→ EXERCISE INSTRUCTIONS
The material below holds a span beginning at the line with "Salvatore Ferragamo Made" and ending at the line with "8 Photograph of". Quote that span exactly, both ends included, and only that span.

→ DATASET RECORDS
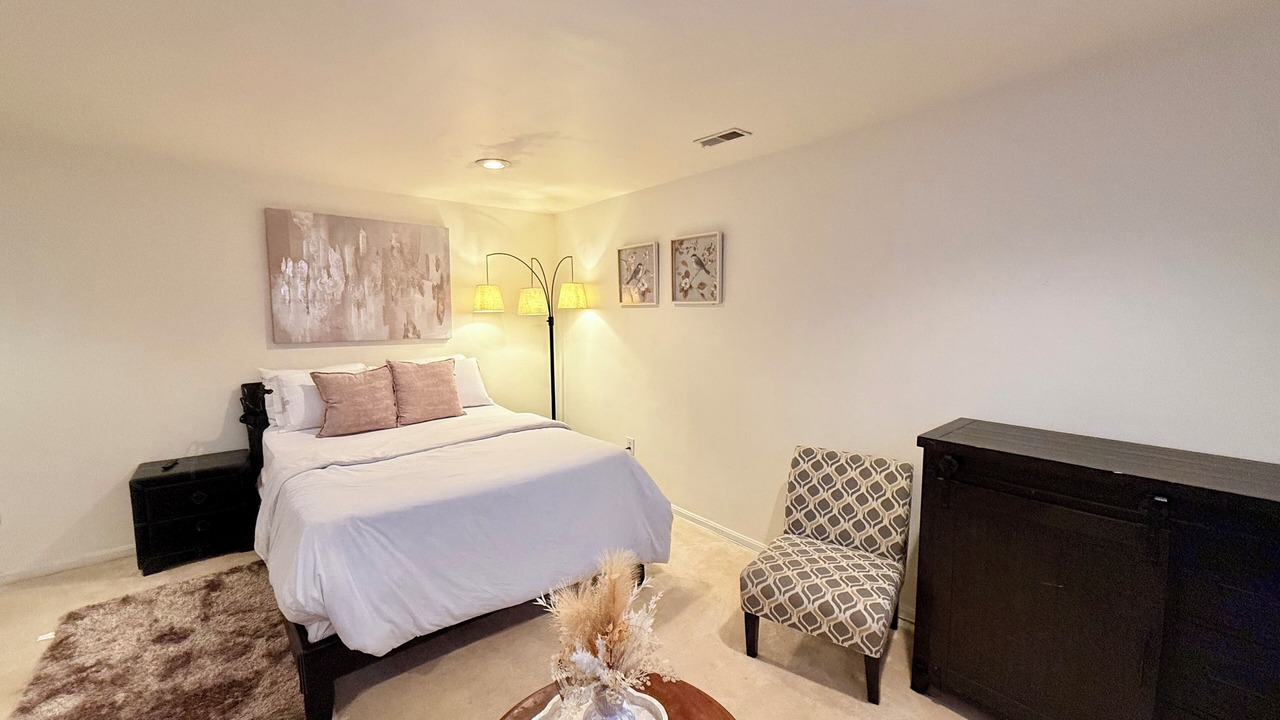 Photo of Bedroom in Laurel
--
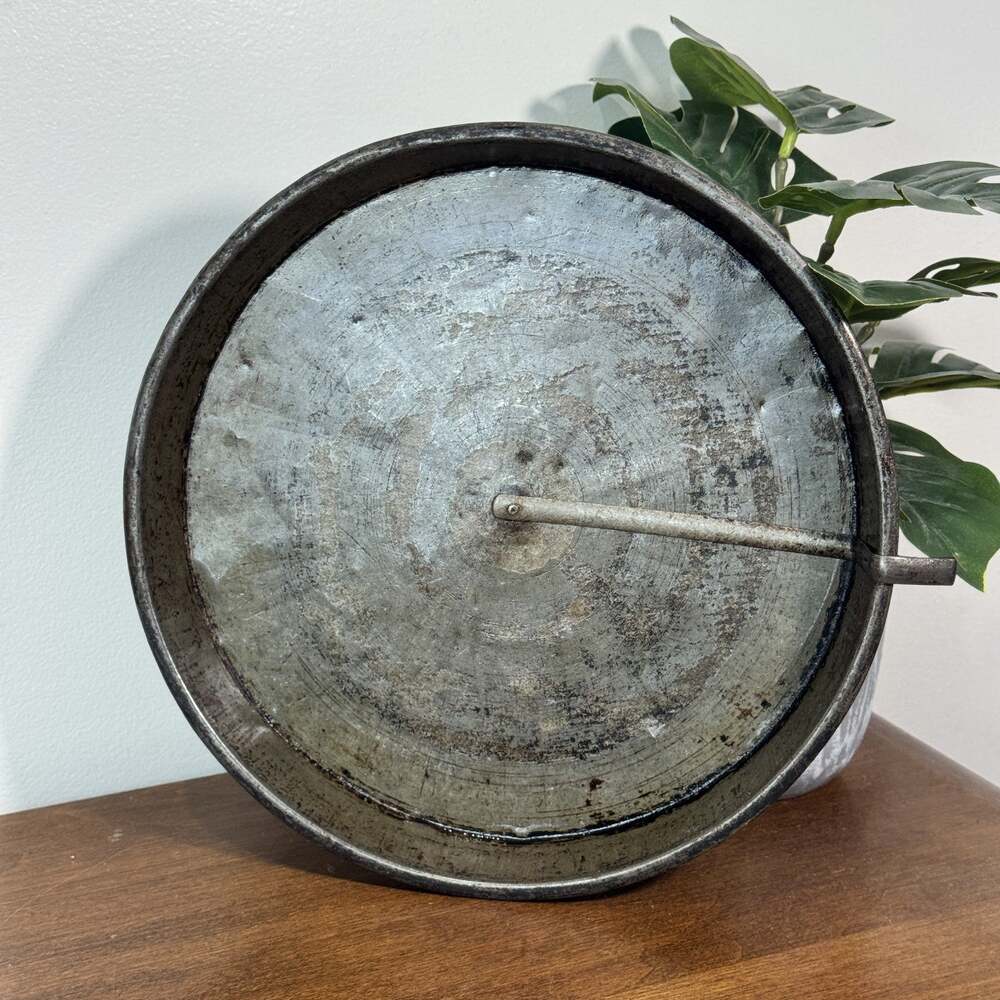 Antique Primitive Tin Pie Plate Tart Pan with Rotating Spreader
* * *
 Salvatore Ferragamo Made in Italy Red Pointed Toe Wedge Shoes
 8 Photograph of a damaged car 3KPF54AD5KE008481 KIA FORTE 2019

→ FINAL ANSWER
 Salvatore Ferragamo Made in Italy Red Pointed Toe Wedge Shoes
 8 Photograph of a damaged car 3KPF54AD5KE008481 KIA FORTE 2019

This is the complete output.